[PROVIDED DATA — start]

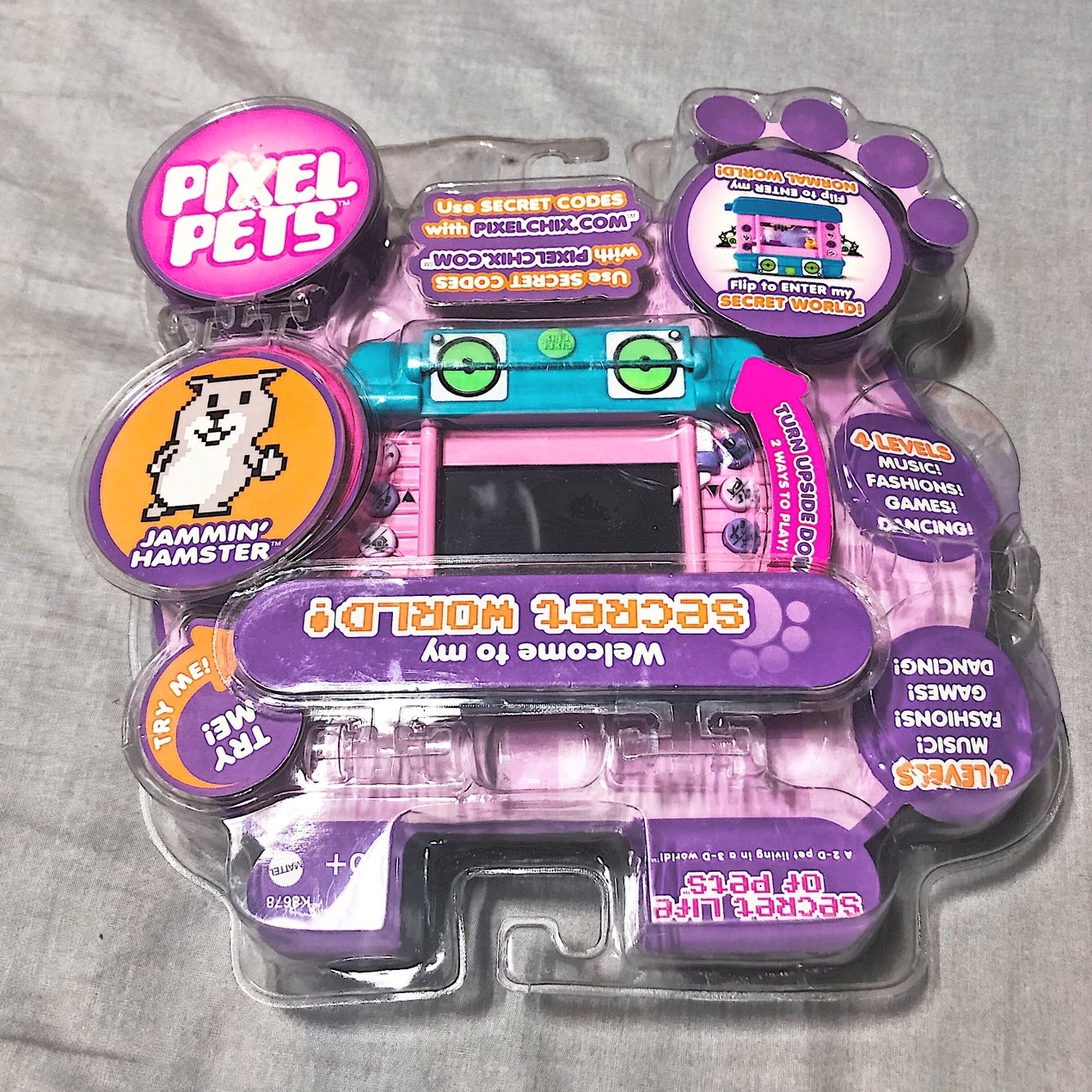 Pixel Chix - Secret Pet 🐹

[PROVIDED DATA — finish]
[PROVIDED DATA — start]

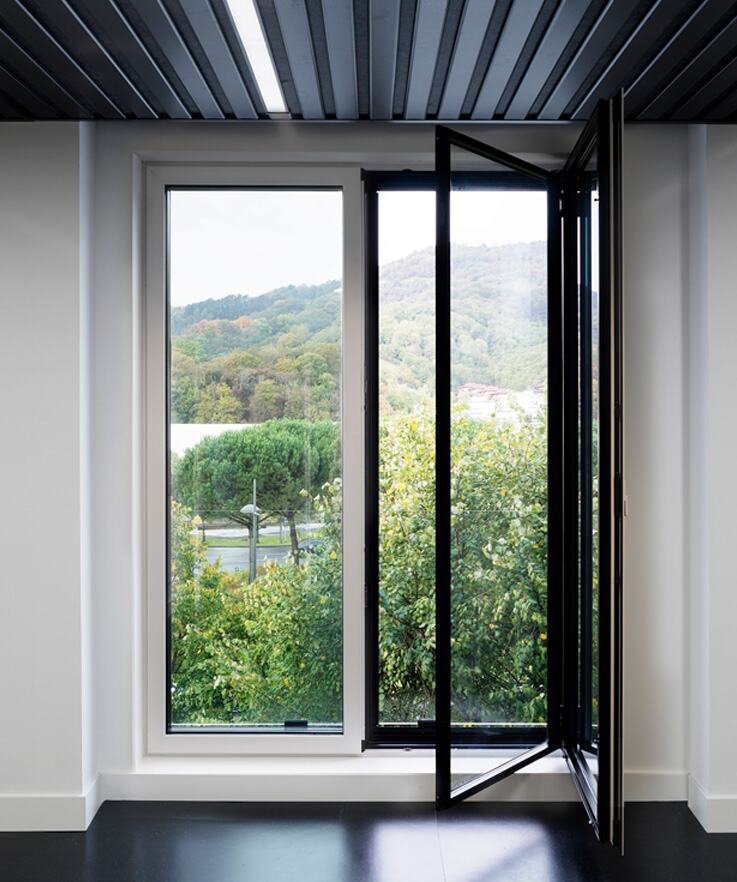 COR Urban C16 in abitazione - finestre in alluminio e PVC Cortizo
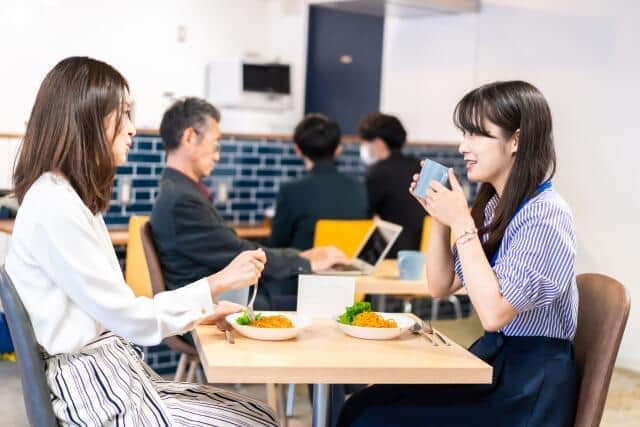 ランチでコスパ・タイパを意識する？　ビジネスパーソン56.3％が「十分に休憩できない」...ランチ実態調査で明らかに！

[PROVIDED DATA — finish]
[PROVIDED DATA — start]

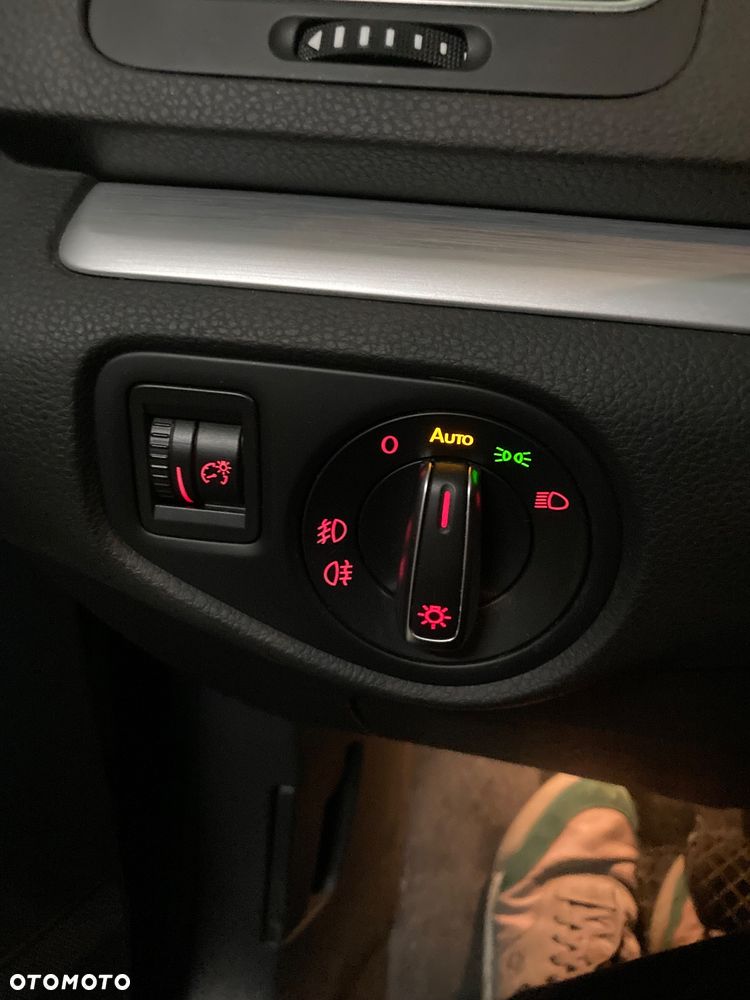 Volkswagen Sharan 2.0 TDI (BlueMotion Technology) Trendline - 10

[PROVIDED DATA — finish]

• _EXERCISE INSTRUCTIONS_: Using the material above, reproduce only the lines that run from the line with "COR Urban C16" up to and including the line with "ランチでコスパ・タイパを意識", exactly, with the pictures dropped.

• _EXERCISE RESPONSE_:
 COR Urban C16 in abitazione - finestre in alluminio e PVC Cortizo
 ランチでコスパ・タイパを意識する？　ビジネスパーソン56.3％が「十分に休憩できない」...ランチ実態調査で明らかに！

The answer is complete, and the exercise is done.